Exercise
Everything in the records should be repeated exactly, down to the last character.

=== Supplied records ===

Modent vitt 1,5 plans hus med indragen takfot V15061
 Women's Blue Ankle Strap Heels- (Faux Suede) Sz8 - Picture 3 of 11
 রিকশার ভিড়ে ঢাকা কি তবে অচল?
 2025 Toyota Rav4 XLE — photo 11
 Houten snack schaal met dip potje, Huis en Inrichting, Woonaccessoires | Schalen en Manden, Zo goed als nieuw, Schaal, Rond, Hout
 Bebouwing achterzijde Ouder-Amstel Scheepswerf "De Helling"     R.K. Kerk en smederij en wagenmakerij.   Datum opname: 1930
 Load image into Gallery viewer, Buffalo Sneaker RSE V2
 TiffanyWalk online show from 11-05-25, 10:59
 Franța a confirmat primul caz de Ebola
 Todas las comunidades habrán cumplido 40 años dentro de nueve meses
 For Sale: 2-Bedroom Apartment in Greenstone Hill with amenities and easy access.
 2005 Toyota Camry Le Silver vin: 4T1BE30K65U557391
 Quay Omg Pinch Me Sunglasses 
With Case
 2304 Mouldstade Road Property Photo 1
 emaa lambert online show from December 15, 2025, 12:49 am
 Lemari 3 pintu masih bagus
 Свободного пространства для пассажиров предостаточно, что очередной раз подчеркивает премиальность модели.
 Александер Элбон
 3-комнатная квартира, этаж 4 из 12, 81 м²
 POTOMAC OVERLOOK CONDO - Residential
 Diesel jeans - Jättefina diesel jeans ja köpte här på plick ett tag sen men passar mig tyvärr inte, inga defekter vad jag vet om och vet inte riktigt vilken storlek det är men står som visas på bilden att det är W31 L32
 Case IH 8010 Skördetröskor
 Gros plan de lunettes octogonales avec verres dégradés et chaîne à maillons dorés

===

Task result
Modent vitt 1,5 plans hus med indragen takfot V15061
 Women's Blue Ankle Strap Heels- (Faux Suede) Sz8 - Picture 3 of 11
 রিকশার ভিড়ে ঢাকা কি তবে অচল?
 2025 Toyota Rav4 XLE — photo 11
 Houten snack schaal met dip potje, Huis en Inrichting, Woonaccessoires | Schalen en Manden, Zo goed als nieuw, Schaal, Rond, Hout
 Bebouwing achterzijde Ouder-Amstel Scheepswerf "De Helling"     R.K. Kerk en smederij en wagenmakerij.   Datum opname: 1930
 Load image into Gallery viewer, Buffalo Sneaker RSE V2
 TiffanyWalk online show from 11-05-25, 10:59
 Franța a confirmat primul caz de Ebola
 Todas las comunidades habrán cumplido 40 años dentro de nueve meses
 For Sale: 2-Bedroom Apartment in Greenstone Hill with amenities and easy access.
 2005 Toyota Camry Le Silver vin: 4T1BE30K65U557391
 Quay Omg Pinch Me Sunglasses 
With Case
 2304 Mouldstade Road Property Photo 1
 emaa lambert online show from December 15, 2025, 12:49 am
 Lemari 3 pintu masih bagus
 Свободного пространства для пассажиров предостаточно, что очередной раз подчеркивает премиальность модели.
 Александер Элбон
 3-комнатная квартира, этаж 4 из 12, 81 м²
 POTOMAC OVERLOOK CONDO - Residential
 Diesel jeans - Jättefina diesel jeans ja köpte här på plick ett tag sen men passar mig tyvärr inte, inga defekter vad jag vet om och vet inte riktigt vilken storlek det är men står som visas på bilden att det är W31 L32
 Case IH 8010 Skördetröskor
 Gros plan de lunettes octogonales avec verres dégradés et chaîne à maillons dorés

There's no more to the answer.